* **Your assignment**: Reproduce the records precisely. Omit every picture.

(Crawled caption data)
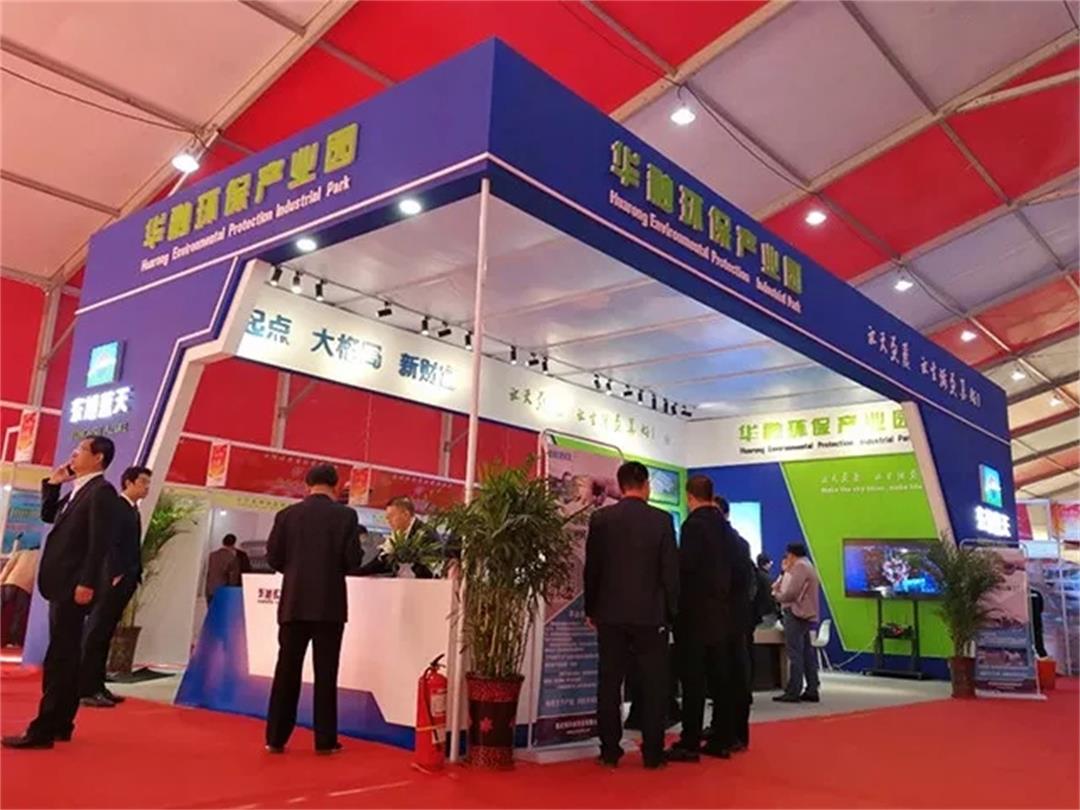 6372737636033107235849633.jpg 6372737636033107235849633.jpg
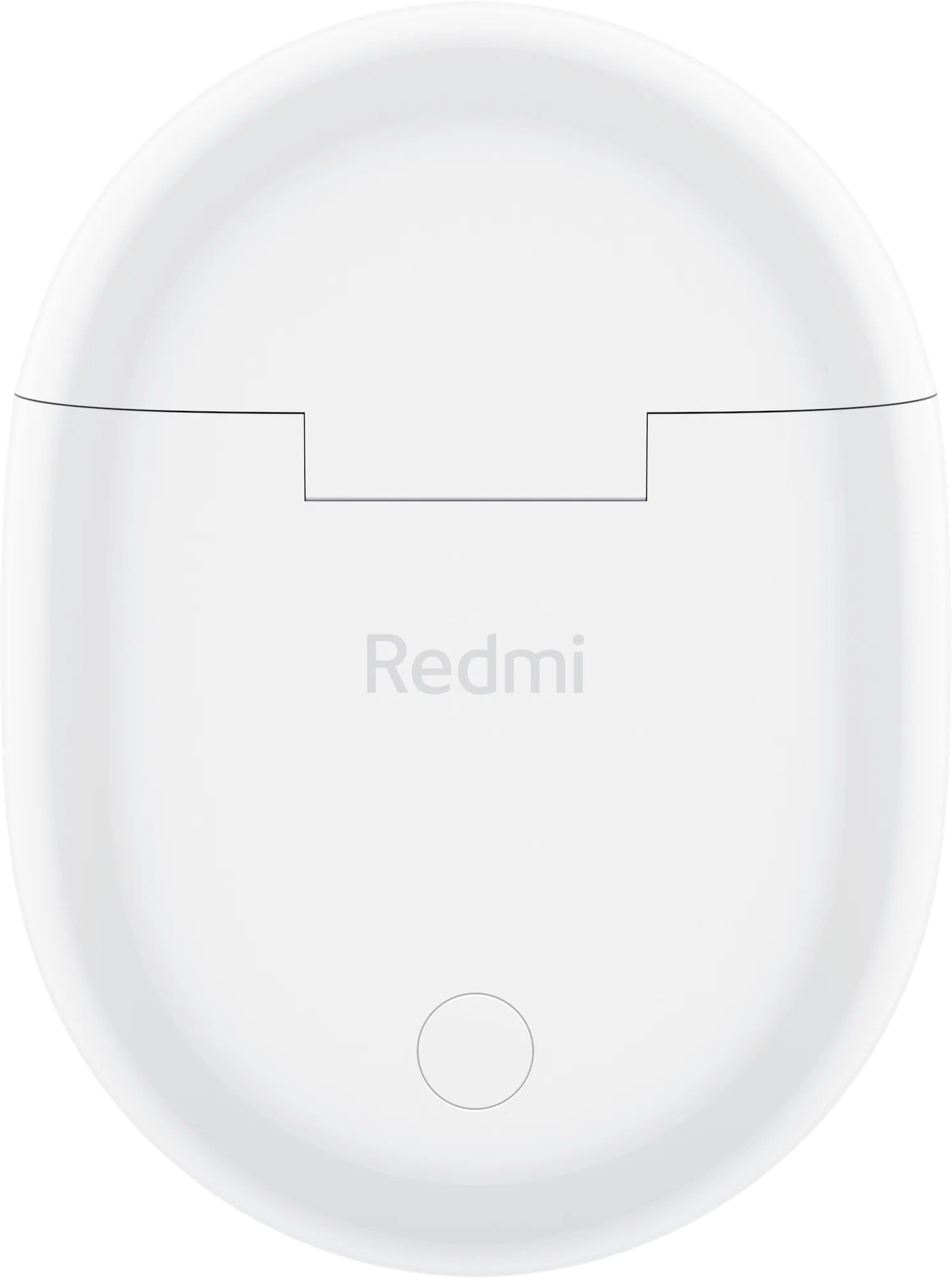 Xiaomi Redmi Buds 4 (M2137E1) Global White Купить Xiaomi Redmi Buds 4 (M2137E1) Global White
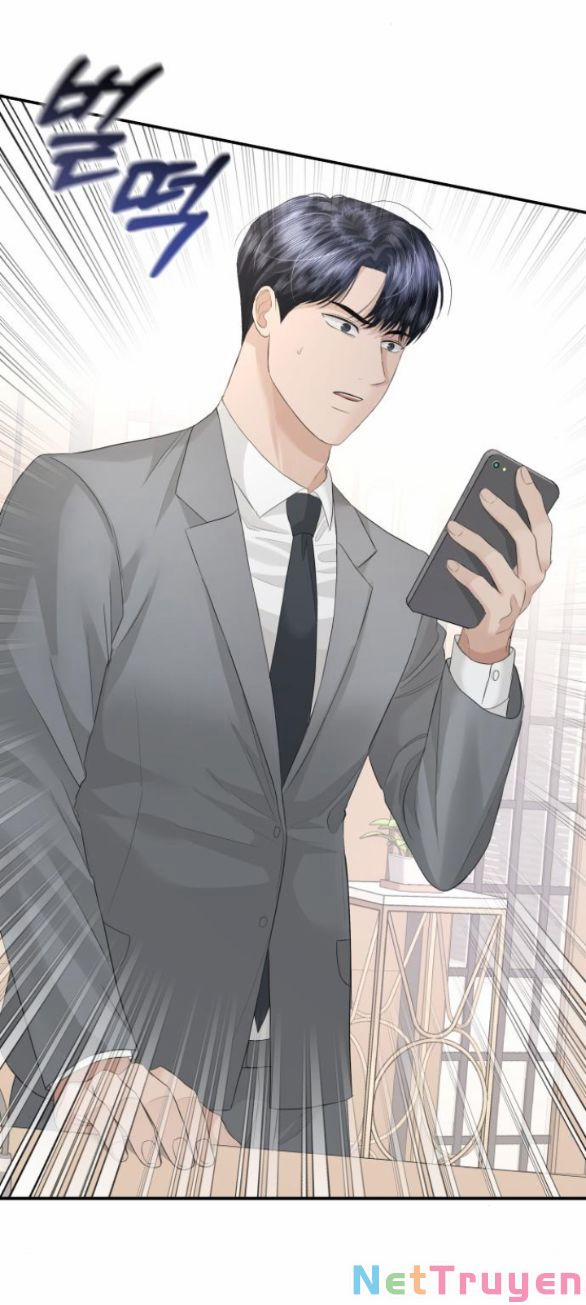 Cuộc Hôn Nhân Hoàn Hảo 61.2 trang 35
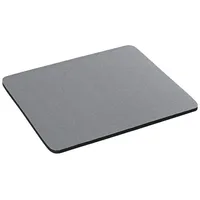 Fellowes Mauspad 29702 Grau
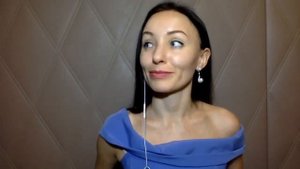 ♻️ Лимфатическая система: прокачка лимфы. Как очистить лимфу? Застой и движение лимфы.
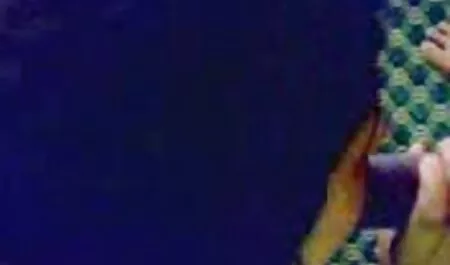 Nhẹ nhàng với sơ bộ làm video set hay nhat tình bằng miệng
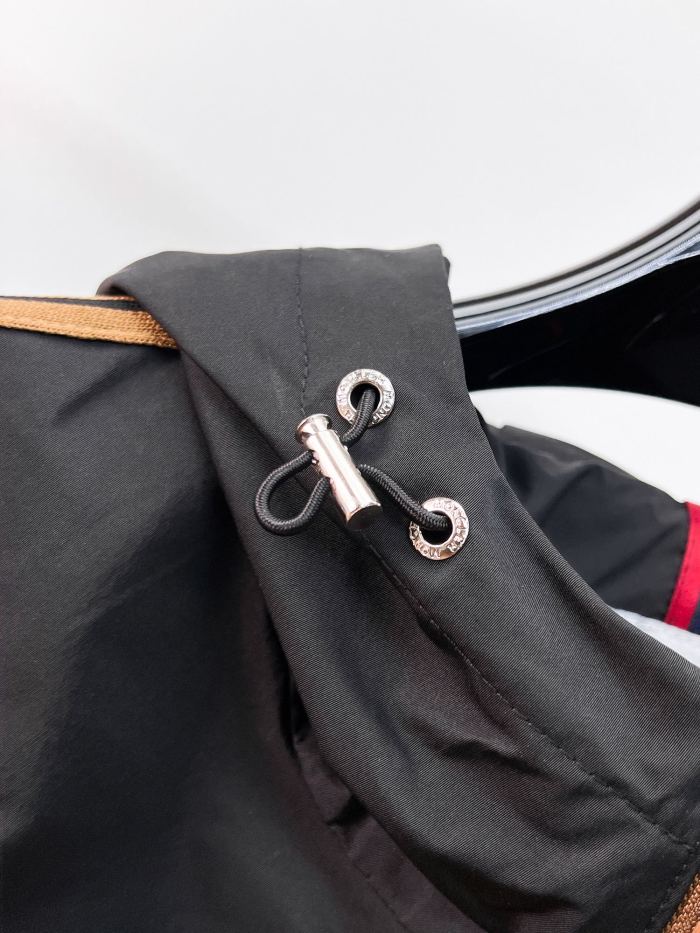 Moncler 2026ss New Jacket Size M-XXXL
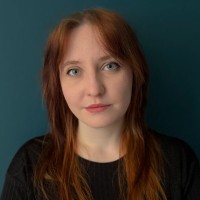 Aleksandra Zborowska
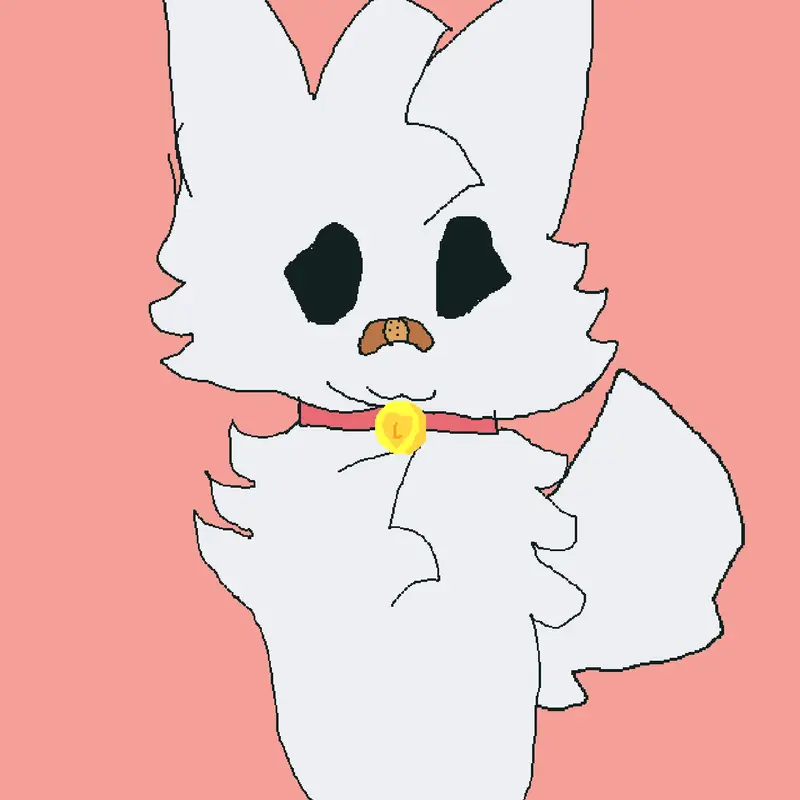 Game by @kittycat123456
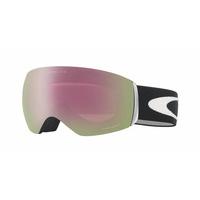 Oakley Goggles Ski Goggles Oakley OO7050 FLIGHT DECK 705034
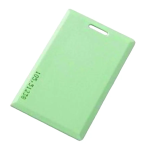 ����� ������� EM-Marin IL-05E MINT IRON LOGIC ������ ��� ����������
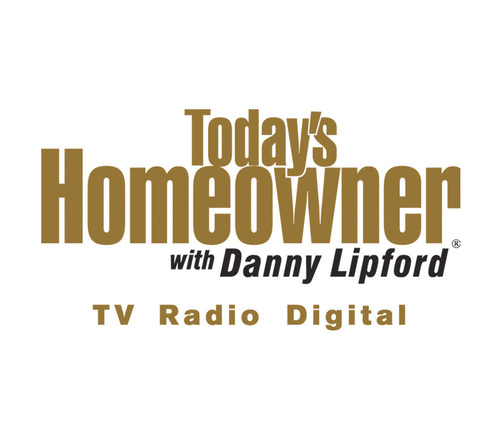 Please follow us on Twitter @dannylipford!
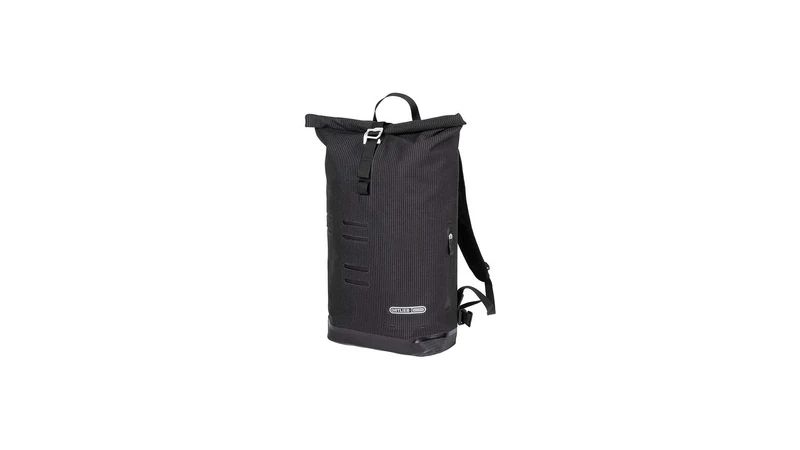 Ortlieb Commuter-Daypack High-Vis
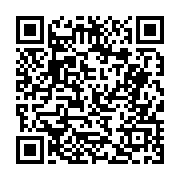 고시/공고 페이지 바로가기 주소(https://business.jangseong.go.kr/q/ezIyOHwyNDQzM3xzaG93fHBhZ2U9MzU0fQ==&e=M&s=3), QRCODE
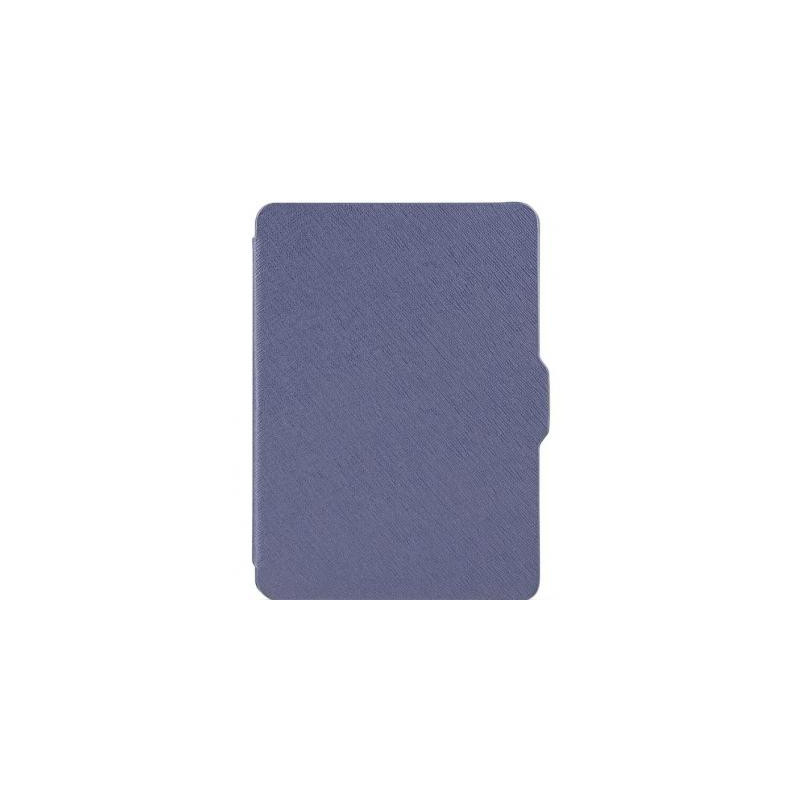 Чохол до електронної книги AirOn Premium для Amazon Kindle 6 (2016)/ 8 / touch 8 Blue (4822356754502)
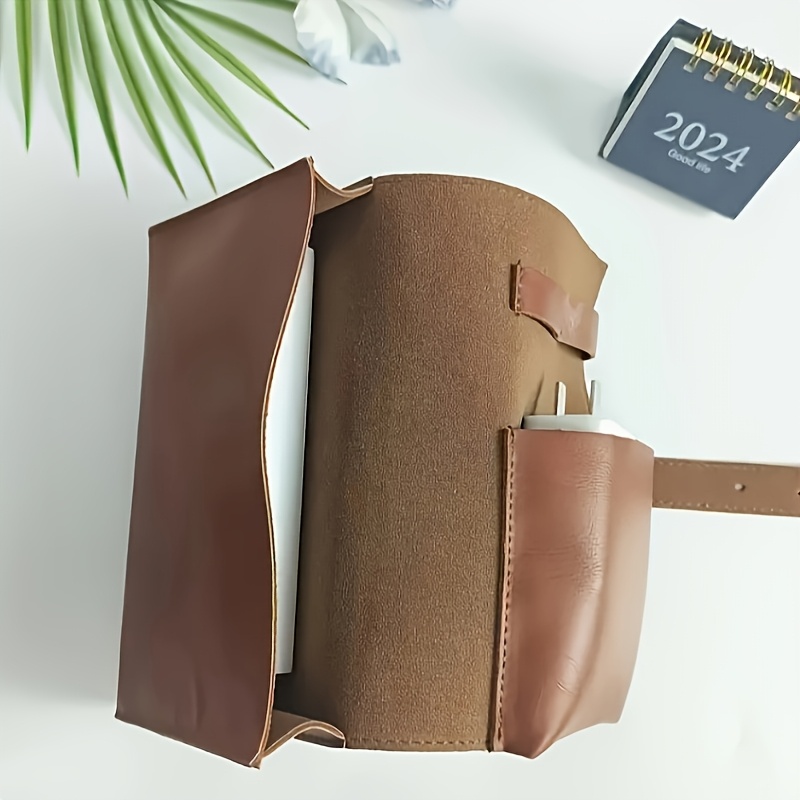 Organizer z wieloma przegródka – Tech Accessories Storage recenzja i cena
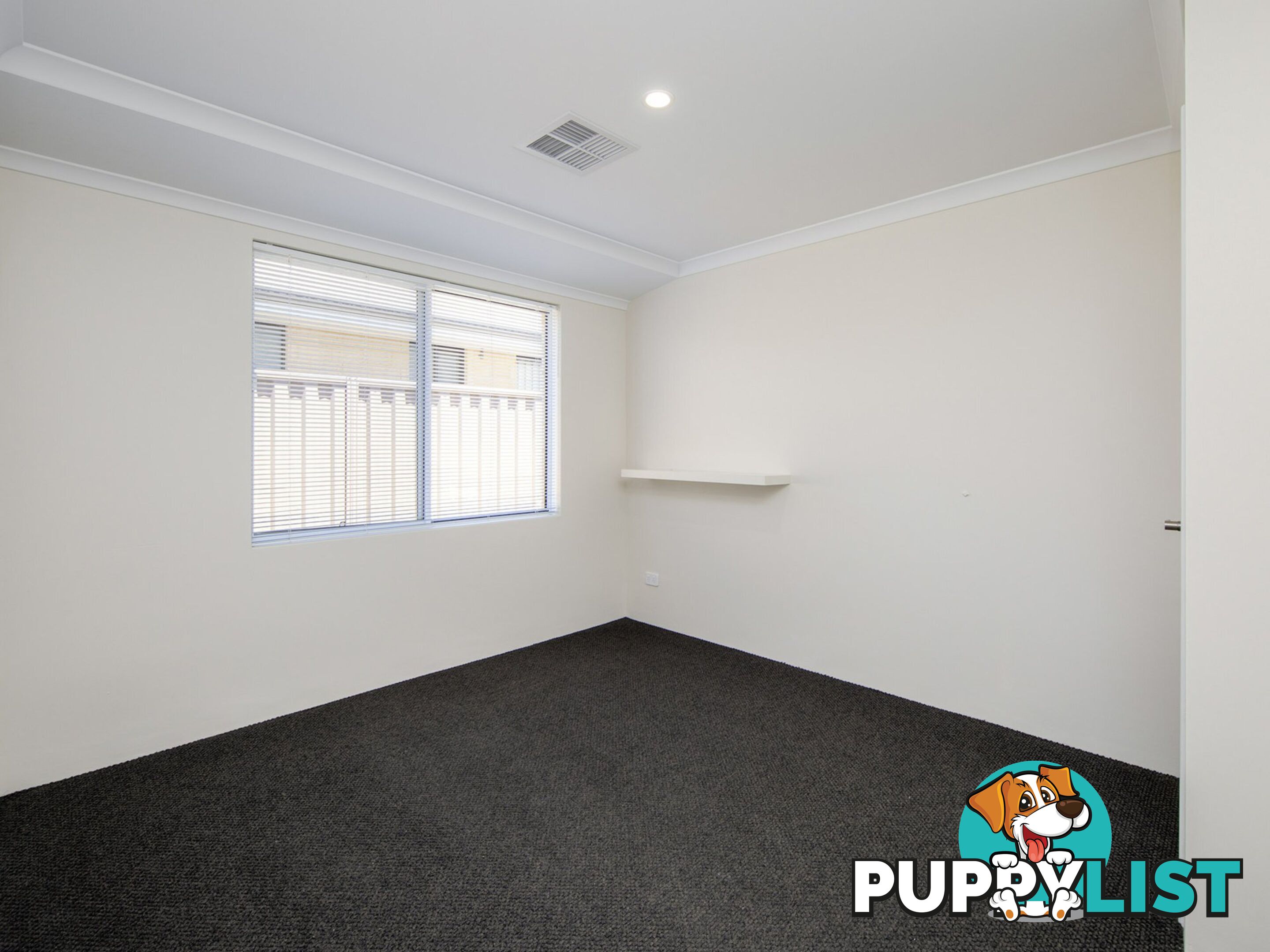 25 Broadgate Boulevard YANCHEP WA 6035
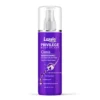 lozalo - Lozalo Privilege Body Splash | Oasis Refreshing Enriched With Aloe Vera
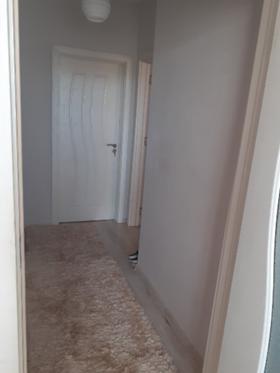 ������� ���� �� ���� | Imot.bg � ����� ������ 7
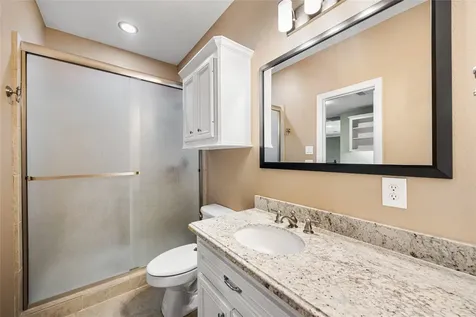 27403 W Balsam Fir Circle Spring TX 77386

* **Solution**:
 6372737636033107235849633.jpg 6372737636033107235849633.jpg
 Xiaomi Redmi Buds 4 (M2137E1) Global White Купить Xiaomi Redmi Buds 4 (M2137E1) Global White
 Cuộc Hôn Nhân Hoàn Hảo 61.2 trang 35
 Fellowes Mauspad 29702 Grau
 ♻️ Лимфатическая система: прокачка лимфы. Как очистить лимфу? Застой и движение лимфы.
 Nhẹ nhàng với sơ bộ làm video set hay nhat tình bằng miệng
 Moncler 2026ss New Jacket Size M-XXXL
 Aleksandra Zborowska
 Game by @kittycat123456
 Oakley Goggles Ski Goggles Oakley OO7050 FLIGHT DECK 705034
 ����� ������� EM-Marin IL-05E MINT IRON LOGIC ������ ��� ����������
 Please follow us on Twitter @dannylipford!
 Ortlieb Commuter-Daypack High-Vis
 고시/공고 페이지 바로가기 주소(https://business.jangseong.go.kr/q/ezIyOHwyNDQzM3xzaG93fHBhZ2U9MzU0fQ==&e=M&s=3), QRCODE
 Чохол до електронної книги AirOn Premium для Amazon Kindle 6 (2016)/ 8 / touch 8 Blue (4822356754502)
 Organizer z wieloma przegródka – Tech Accessories Storage recenzja i cena
 25 Broadgate Boulevard YANCHEP WA 6035
 lozalo - Lozalo Privilege Body Splash | Oasis Refreshing Enriched With Aloe Vera
 ������� ���� �� ���� | Imot.bg � ����� ������ 7
 27403 W Balsam Fir Circle Spring TX 77386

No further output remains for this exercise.